┌──
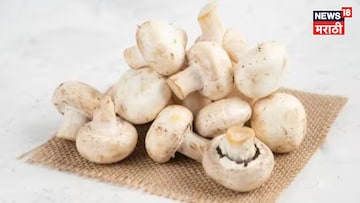 एक्स्ट्रा इन्कम हवंय? छोट्या खोलीत सुरू करा ही शेती, महिन्याला कराल बक्कळ कमाई एक्स्ट्रा इन्कम हवंय? छोट्या खोलीत सुरू करा ही शेती, महिन्याला कराल बक्कळ कमाई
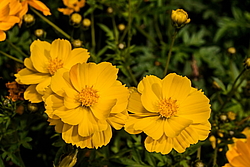 ������ �����-����� (Cosmos sulphureus)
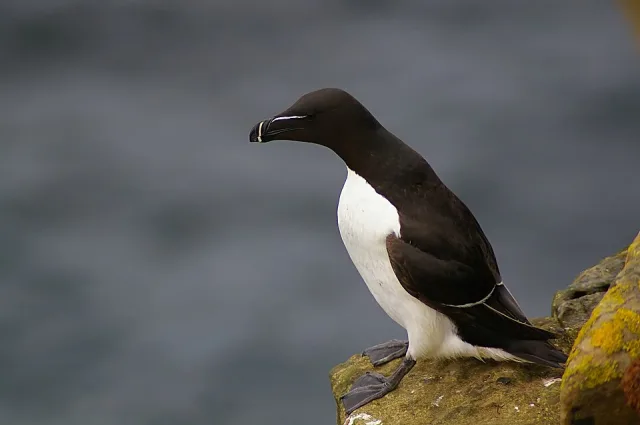 Black seabird with white front, sharp bill with white lines on it.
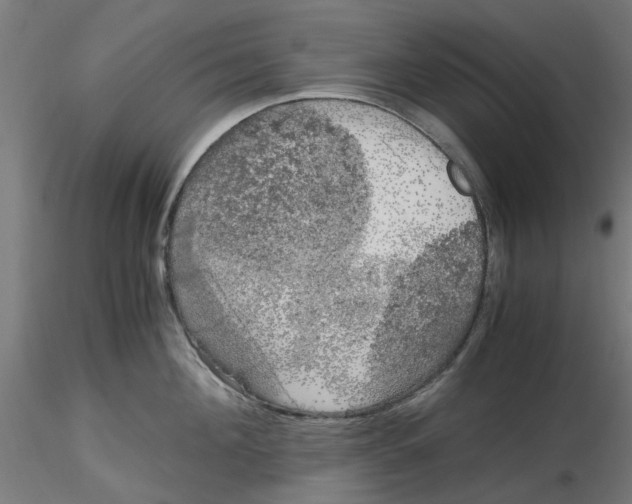 X0000116780908201001071234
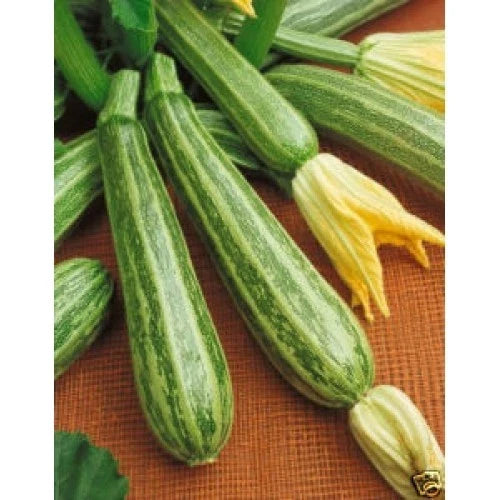 Italian Striped Zucchini Seeds - 20 Count, Cucurbita pepo, Early Maturing, Traditional Italian Variety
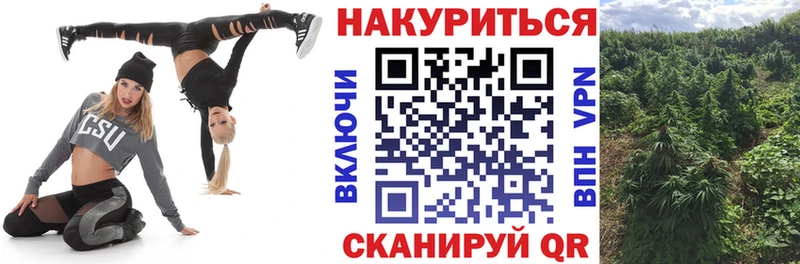 мега сайт  Валуйки  Канабис планчик  как найти наркотики 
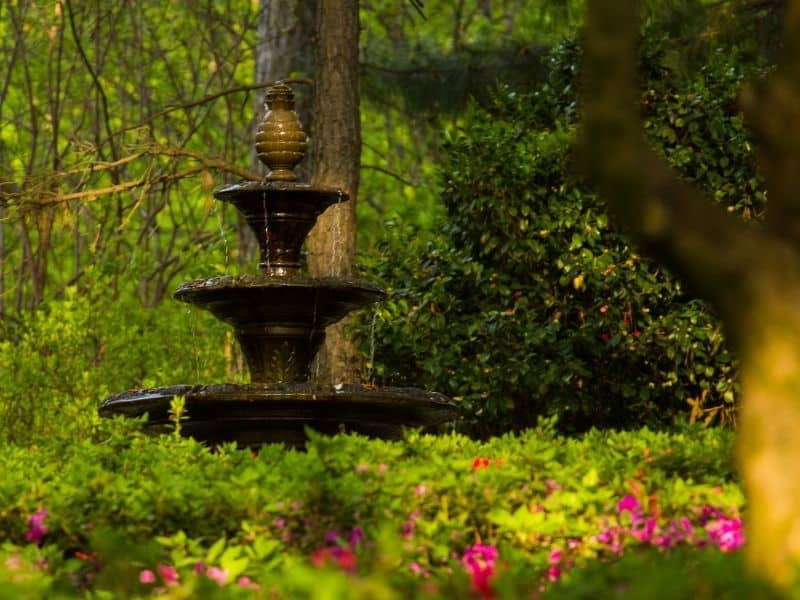 a water fountain under a tree surrounded by flowers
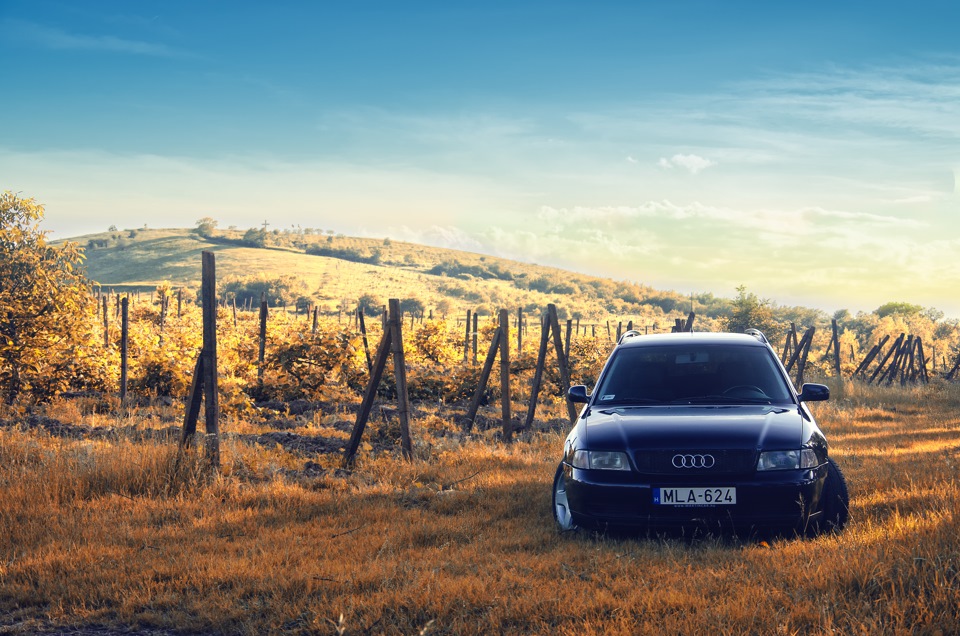 Audi a4 друга☺ 2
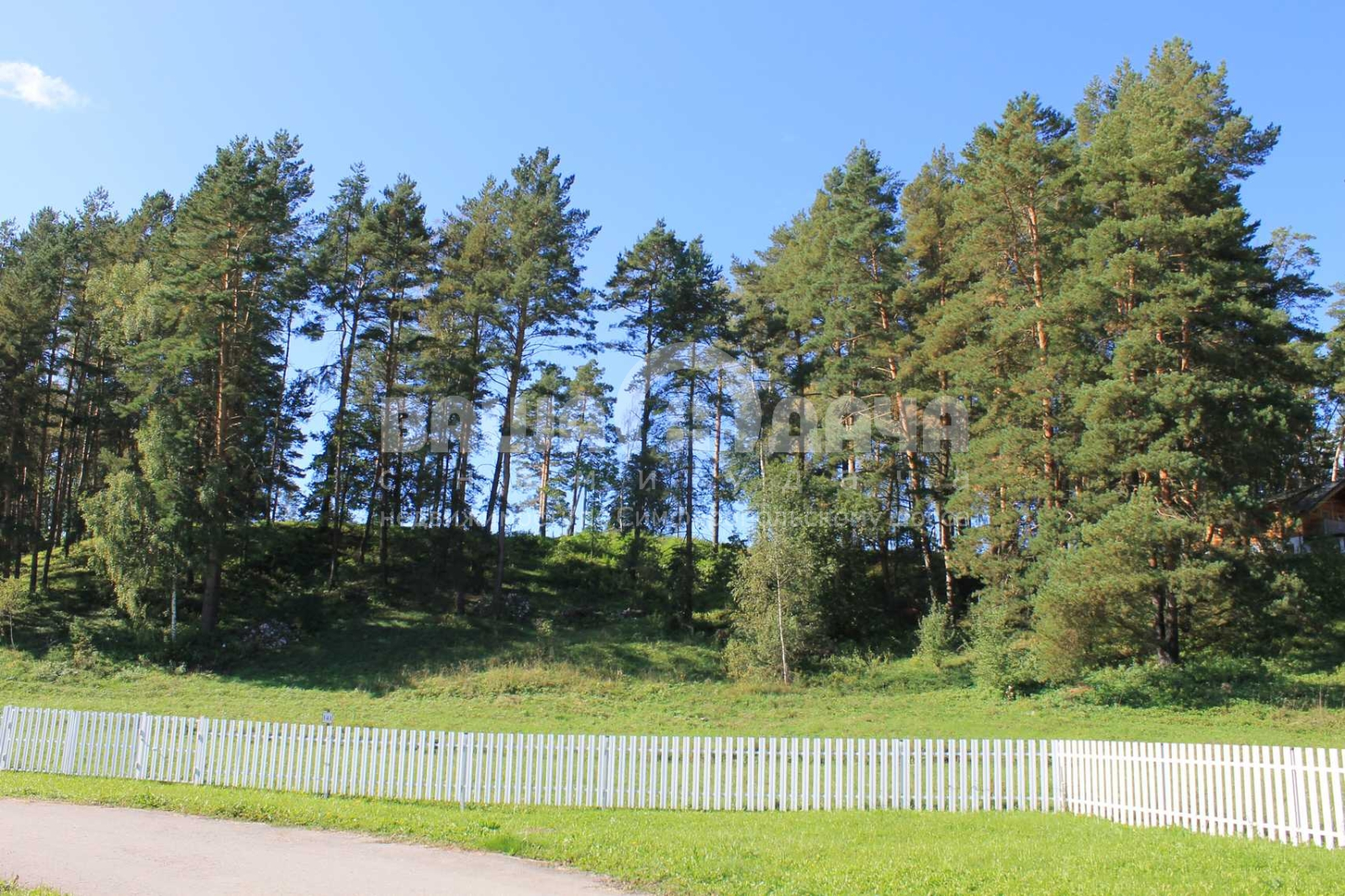 Участок 14,65 соток в поселке с вековыми соснами!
└──
■ What the task requires:
Take the line with "Black seabird with" and every line after it through the end of the data, and write only them out exactly, leaving out the pictures.

■ Solution for this exercise:
 Black seabird with white front, sharp bill with white lines on it.
 X0000116780908201001071234
 Italian Striped Zucchini Seeds - 20 Count, Cucurbita pepo, Early Maturing, Traditional Italian Variety
 мега сайт  Валуйки  Канабис планчик  как найти наркотики 
 a water fountain under a tree surrounded by flowers
 Audi a4 друга☺ 2
 Участок 14,65 соток в поселке с вековыми соснами!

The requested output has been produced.